Design & Build for Your Audience, and Not Yourself

Marketing TeamWhen it comes to designing a website, there can be a lot of opinions thrown into the hat from all parties. Opinions from the designer, who usually is considered the authority figure. From a company’s marketing team. My favorite are the opinions from the executive team. Now all of these opinions can be good and valid, yet all could be irrelevant when it comes to what opinion matters most; your potential client’s.

Website redesigns are touchy to me. When a client calls our office and asks about how much it will be to overhaul their entire website for a more modern look, our first thought is “great, let’s do it!” Especially if their existing site hasn’t been touched in over 3 years. We explain the importance of having social plugins, e-commerce, responsive web forms, and more. However it almost always is in the perspective of that site/business owner.

I’ve been doing some reading on effective landing pages and site designs, and I have to admit that I don’t always design or develop in the mindset of the online visitor. They’re the ones that spend the 7 seconds deciding whether or not a website has what they’re looking for before continuing on or bouncing off the website to another search result. This is a really important aspect to put into perspective. We’ve all heard the lines “a brilliant website means nothing if no one sees it,” or “content is king,” and so on. However if a potential customer or client doesn’t understand your website, or doesn’t feel comfortable enough to stay on and contact you or buy something your website is pointless.

Here are some points you should consider about your website; whether current or in development:

Lead Generation: Having a compelling call to action will not only help your sales team, but if tracked on a regular basis it will tell you what content people are hungry for.

Readability: Aside from complex wording, slang, or simplistic; your content needs to hit home with your target audience. It needs to resonate to their exact need for your product or service and they should understand that (hopefully) in the first few words or sentence on whatever page they landed on in your website.

Visual Candy: Not all customers and clients are into a wordy website. Some prefer rich and high quality images, graphics, and logos. Things that make them imagine themselves in or with your product or service. Lets face it, a good TV commercial for a piece of clothing will stay in your head until you visit the mall and feel compelled to buy it, or it will immediately turn you off.

Problem Solving: We’re all in business to solve a need right? If your homepage or landing page can effectively address your reader’s issue, you’ll draw in more leads than your biggest competition. Simply because of how you addressed the problem, you’ll win a clients vote of confidence – at least enough for them to give you a call or email you.

Market Research: This may sound like a big R&D project, but it really isn’t. There are many ways to poll people to get their opinions on things as a consumer. The data is out there, and we all know data doesn’t lie. So take the time to do some questioning and research to put into your website. You’ll not only have a greater confidence in your work, but be backed by hard evidence from doing your homework.

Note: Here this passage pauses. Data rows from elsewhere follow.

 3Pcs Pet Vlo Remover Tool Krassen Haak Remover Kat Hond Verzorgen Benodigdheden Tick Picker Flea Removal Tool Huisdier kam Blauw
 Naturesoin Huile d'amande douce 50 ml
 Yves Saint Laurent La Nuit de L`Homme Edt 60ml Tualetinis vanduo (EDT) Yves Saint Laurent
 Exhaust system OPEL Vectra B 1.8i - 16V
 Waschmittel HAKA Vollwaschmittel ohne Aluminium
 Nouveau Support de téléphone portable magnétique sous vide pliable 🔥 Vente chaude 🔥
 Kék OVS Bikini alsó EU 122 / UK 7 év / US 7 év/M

Really think about these things the next time you plan on redesigning your website or before you start a new one. One of the things we are proud of doing is sitting with our clients and really trying to get inside of their minds and really get to know what makes their business strategies so unique.

Have something to add? Please do so in the comments below. Your suggestions are always welcome!

1 reply
  1. Sarah
    Sarah says:

    I wholeheartedly agree! So many clients – even those who already have websites but didn’t develop them with good designers – approach the web design process as design > launch, with no planning step. My favorite calls are the ones from potential clients who want a website turned around in a couple days, have no content or photography ready, and “don’t know anything about this” (and typically only want to spend a couple hundred dollars). The first thing we do is slow them down and help them understand that targeting your industry is paramount to “I’ve been told my business needs a website.”

    It almost shows a lack of respect for our industry when someone thinks building a website should be quick, cheap, and dirty, especially when they explain it like, “I don’t really care if it’s good; I just need something online.” I think it’s important for people in our industry to educate those who don’t understand the distinction between the proper web design process and just slapping something up on the Internet.